Software Applications in Plant Collections
The Plant Collections project is intended to provide a mechanism for participants to share their garden accession information with other partners and the public with the intention of improving general knowledge about garden collection and their content by combining the information from multiple sources.
Source Databases
Botanic gardens and arboreta use a variety of different software applications to maintain a list of their accessions along with various attributes describing each accession, or more generally, the group of organisms know by the same name (e.g. species, variety, genus, family). Different gardens may also choose to utilise different models for representing this information in their database. For example, the field containing the family name for an accession may be labelled "family" or "family_name". More importantly, the representation of content may also differ for the same attribute. For example, a date may be stored as three fields (year, month, day), could be a "date" type in the database, or could be a string.
Main Data Store
All these differences for storing data by different institutions impedes sharing of information, and so requires a mechanism to translate the contents to a common model. The common model for the Plant Collections project is described at http://plants.ecoforge.net/wiki/schema. For the initial implementation of the Plant Collections project, it was decided to utilize Google Base as a common data store. By adopting Google Base, the cost of initial implementation was dramatically reduced, and the open standards used for communicating with google Base ensures that application developed by the Plant Collections project can be easily ported to an alternative database system as necessary. All communication with Google Base in this project is performed using the Atom and JSON protocols.
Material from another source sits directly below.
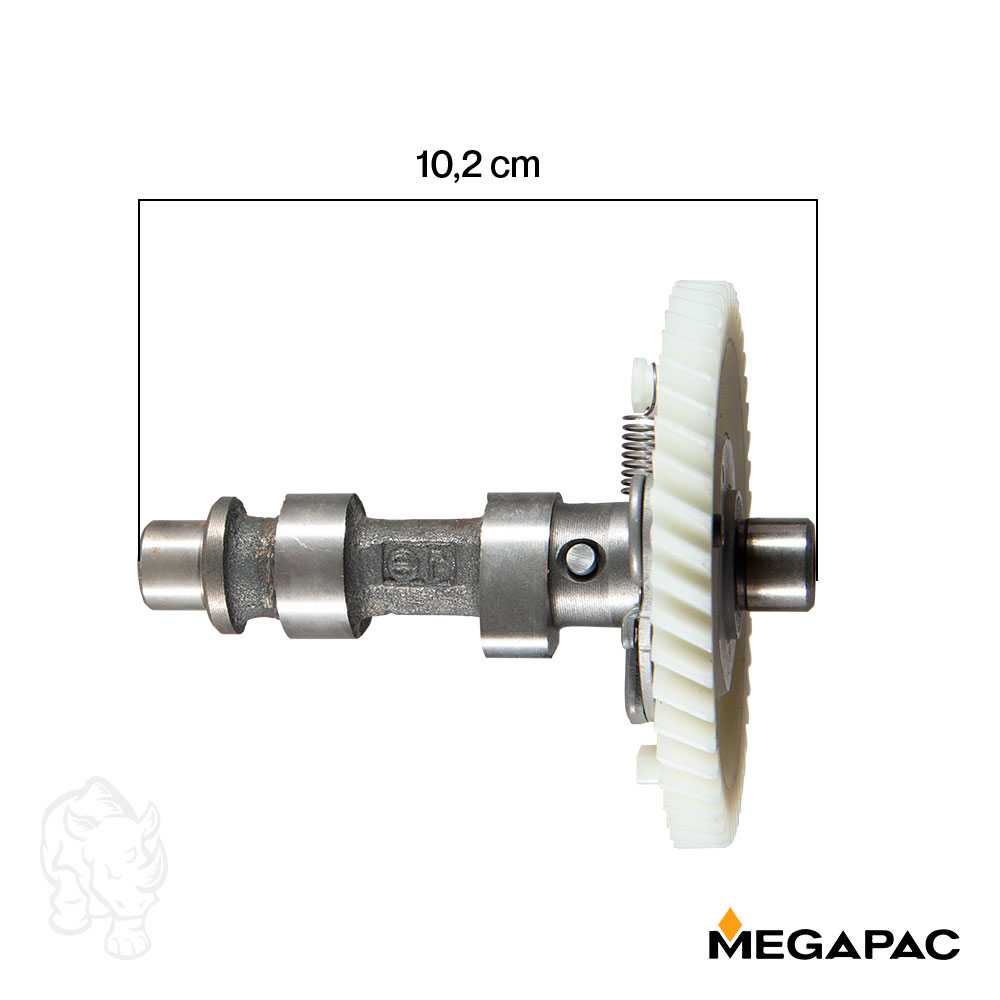 Conjunto de árbol de levas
A replacement for the Google Base data store is currently under development at the Biodiversity Research Center, and is currently in prototype test mode. It is expected that the new service will be a direct replacement for Google Base that can be adopted by the Plant Collections project with little change to existing software tools. It will provide significant benefits to the project though, by providing complete independence from a commercial entity and the opportunity to fine tune the data store as necessary for project requirements.
Synchronizer
The role of the synchronizer is to translate content from a source database (i.e. an institution's collection database) and upload content to the main data store (currently Google Base). The synchronizer is a Python application that is cross platform and should connect with any collection database. Whilst the synchronizer is cumbersome to configure, once that task is completed, the actual process of uploading new and changed content to the central store is essentially an automatic, hands-off process.
Portal
The portal application provides a user interface to the main data store used by the project. It is implemented using the Python language, and is cross platform, so should run on any system that has an internet connection and supports the Python language. The look and feel of the portal is easily customized, and it is intended to be installed by any Plant Collections partner that would like to provide access to the project data from their institution.
The portal makes use of a number of open source libraries, including Turbogears, sqlite, and the gdata library.
The current implementation of the portal is a prototype, and is expected to change significantly as the requirements of the project and it's participants become more tightly defined.